Als Simplicius von einem Einsiedler aufgenommen wird, hat er nicht einmal einen Namen. Der Einfältige, das passt also. Ehre Gott und hüte dich vor schlechter Gesellschaft, rät der Waldmensch dem Schützling. Als er stirbt, zieht Simplicius in die Welt. Die ist komplett aus den Fugen geraten. In Europa herrscht Krieg, 30 Jahre lang. Und gute Menschen sind weit und breit nicht zu sehen. Simplicius wird zum Narren gehalten, wie auch er die Welt zum Narren hält. Denn er ist alles andere als tumb. Schließlich kommt heraus, dass der Einsiedler sein Vater gewesen ist, ehemals ein Adeliger. Simplicius, der eigentlich Melchior Sternfels von Fuchshaim heißt, kehrt dem barocken Jammertal den Rücken. Und findet doch nie zur Ruhe.

Fünf Bücher und unzählige Kapitel ist "Der Abenteuerliche Simplicissimus Teutsch" von Grimmelshausen lang. Wohl 1668 ist der schelmisch-lässige Abenteuerroman herausgekommen, das Regieteam Goldfarb & Quarg hat ihn zu den Calderón-Spielen als Freiluftspektakel inszeniert. Und dabei den Geist der Vorlage so gut es geht eingefangen: Die Aufführung ist zotig, albern, lüstern, chaotisch. Und sie hat bei aller breit ausgestellten Unterhaltung, die ein Freilufttheater nun mal dem Publikum bieten muss, als Mehrwert einen ernsten Kern: Der Mensch ist dem Menschen ein Wolf. Goldfarb & Quarg, das sind Tobias Goldfarb, seine Frau Laura und Lisa Quarg. Während die beiden Frauen, die auch als Schauspielerinnen u.a. am Deutschen Theater in Berlin tätig sind, in allen Inszenierungen für tänzerisch-physische Elemente sorgen, ist Tobias Goldfarb für den Text verantwortlich.

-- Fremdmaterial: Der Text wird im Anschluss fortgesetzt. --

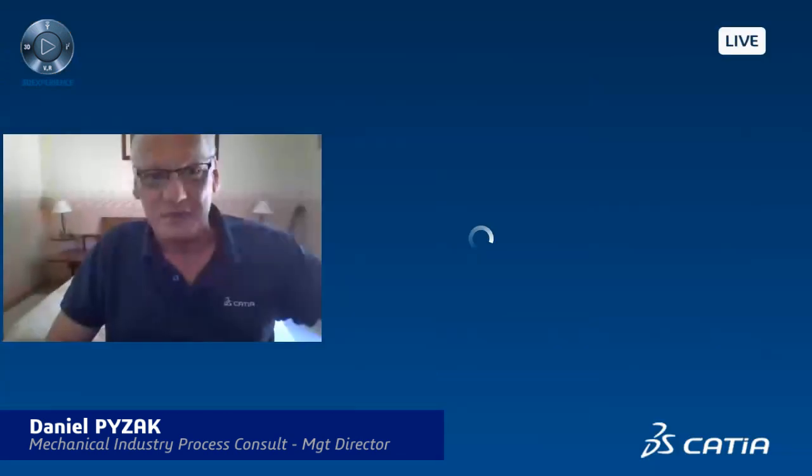The first one today is called Virtual to Real Shape Morphing. I will just spend a couple of minutes — five, six minutes — and then we will have some minutes for questions and answers, hopefully. Let's share my screen and I will do a live demo of CATIA.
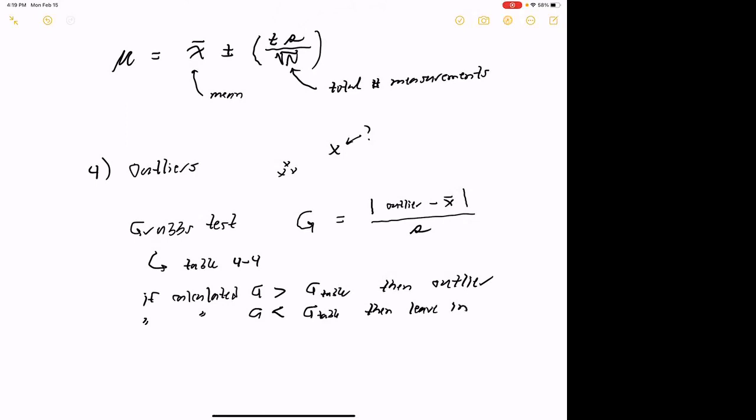The Grubbs test calculates a G value: G equals the absolute value of the outlier minus the mean (including all values), divided by the standard deviation s. There's a Grubbs table in your textbook — I think it's Table 4-4. If your calculated G is greater than the G from the table, you have an outlier and can throw it out. If your calculated G is less than the table G, the data point has to be left in. That's pretty much everything you're going to need for statistics throughout the semester: mean, standard deviation, confidence interval, and how to deal with an outlier using the Grubbs test.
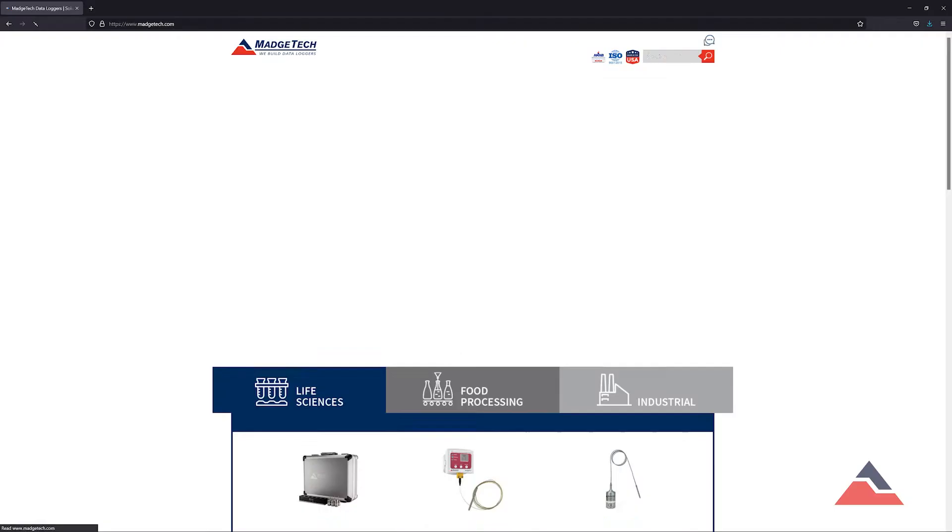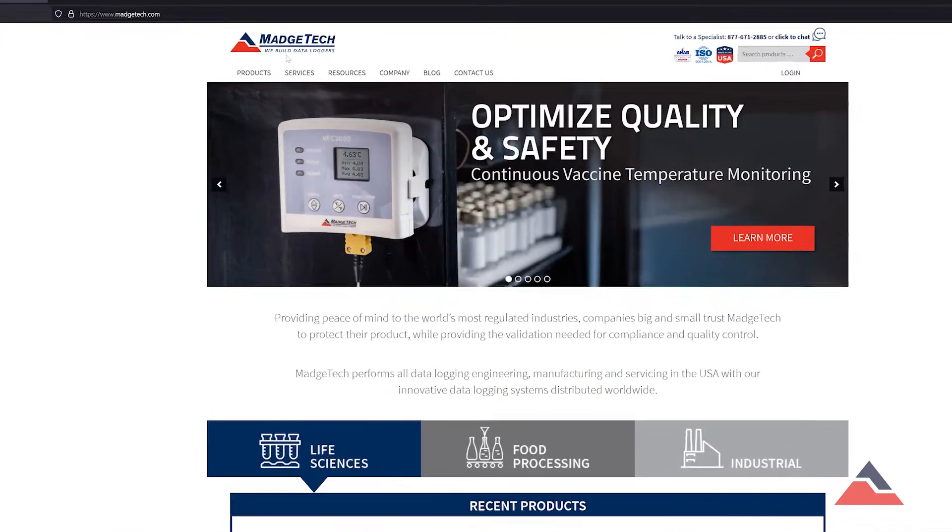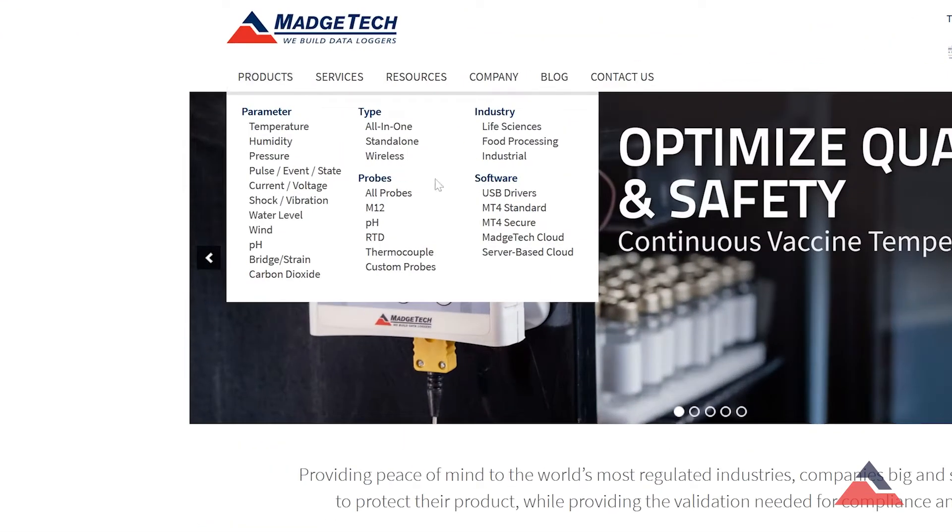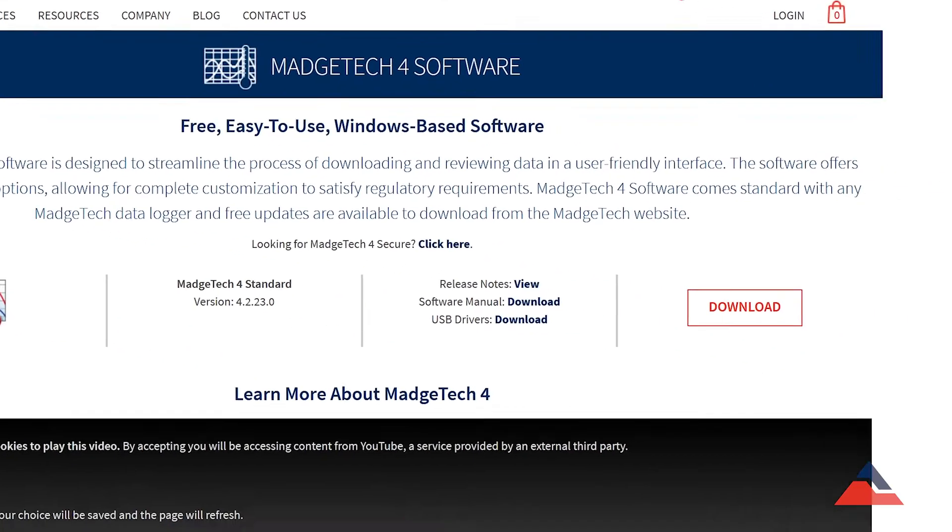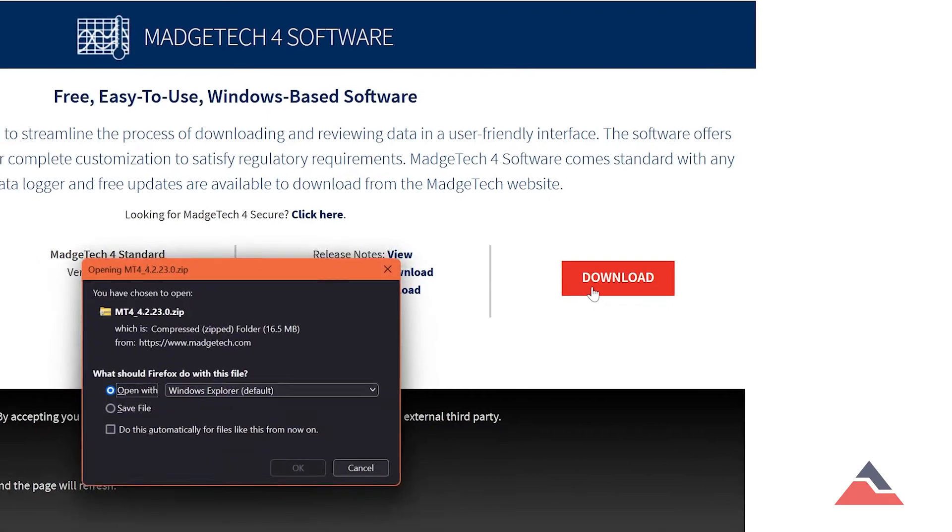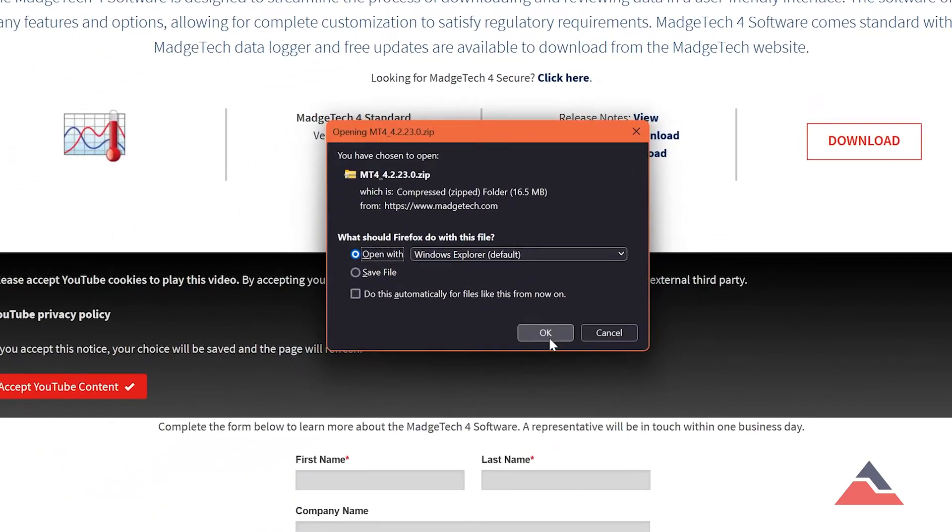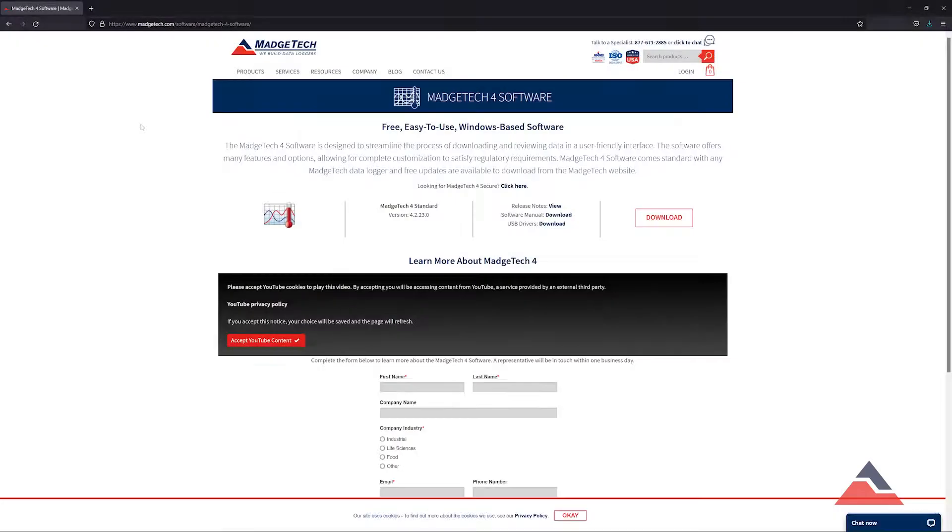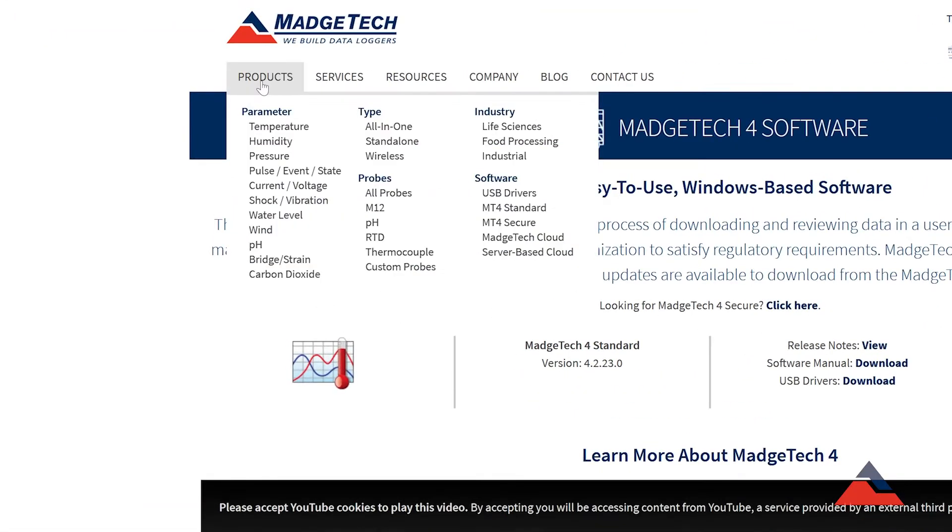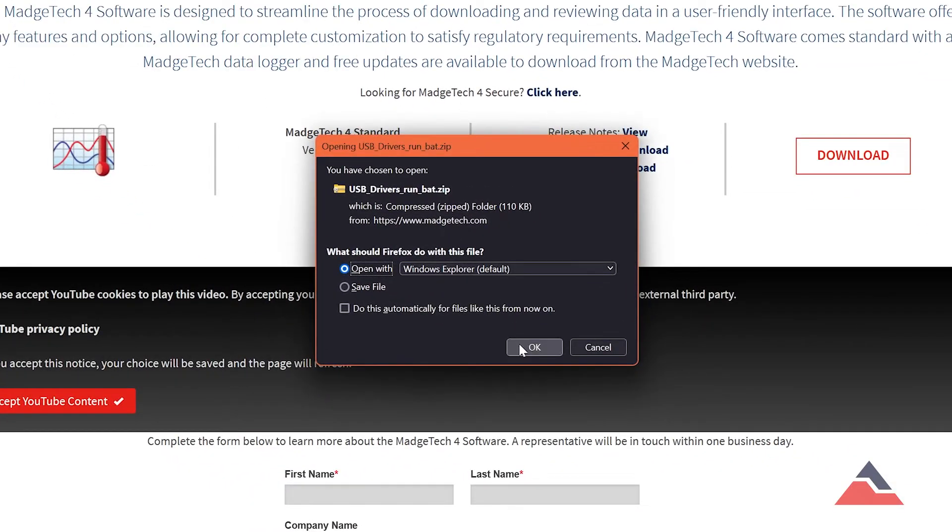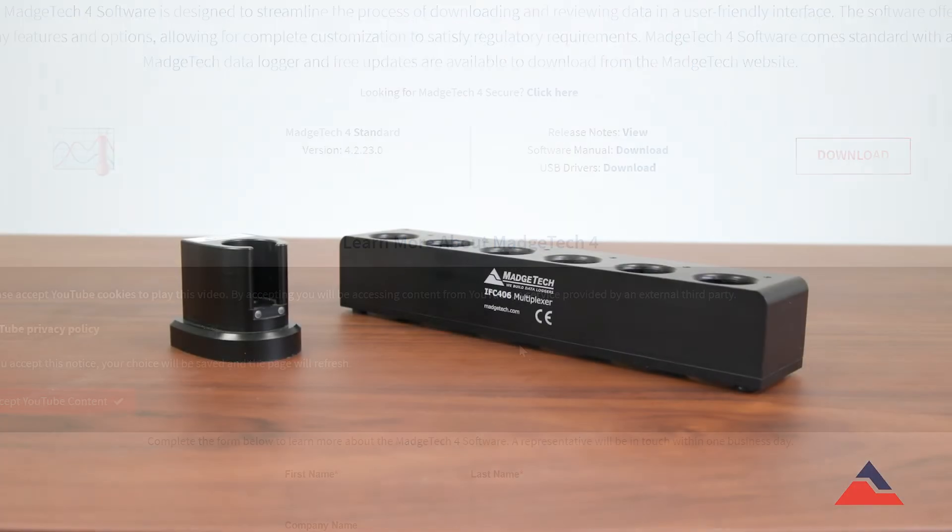Always begin by installing the latest version of the MAGTECH software from MAGTECH.com. You may also find the link on the product page or in the video description. Additionally, the drivers for the interface cable will also need to be installed and can also be found on MAGTECH.com.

Beata Kornatowskas Rostrumpelbühne ist Kontrast zum Architekturensemble. (Foto: Martin Kaufhold)

In Bamberg hat Beata Kornatowska dem Team eine zweigeschossige Rostrumpelbühne mit allerhand Marketender-Plunder in den allein schon sehenswerten, von Fachwerk und Laubengängen umrahmten Innenhof der Alten Hofhaltung gestellt. Das ergibt einen schönen Kontrast zu dem malerischen Architektur-Ensemble, das noch zusätzlich gewinnt, wenn man seinen Kopf von der Bühne weg ein wenig nach links wendet. Dann blickt man direkt auf den imposanten Bamberger Dom, der, bei ein bisschen Glück, in ein goldenes Abendlicht getaucht ist. Allein die Spielstätte lohnt den Besuch.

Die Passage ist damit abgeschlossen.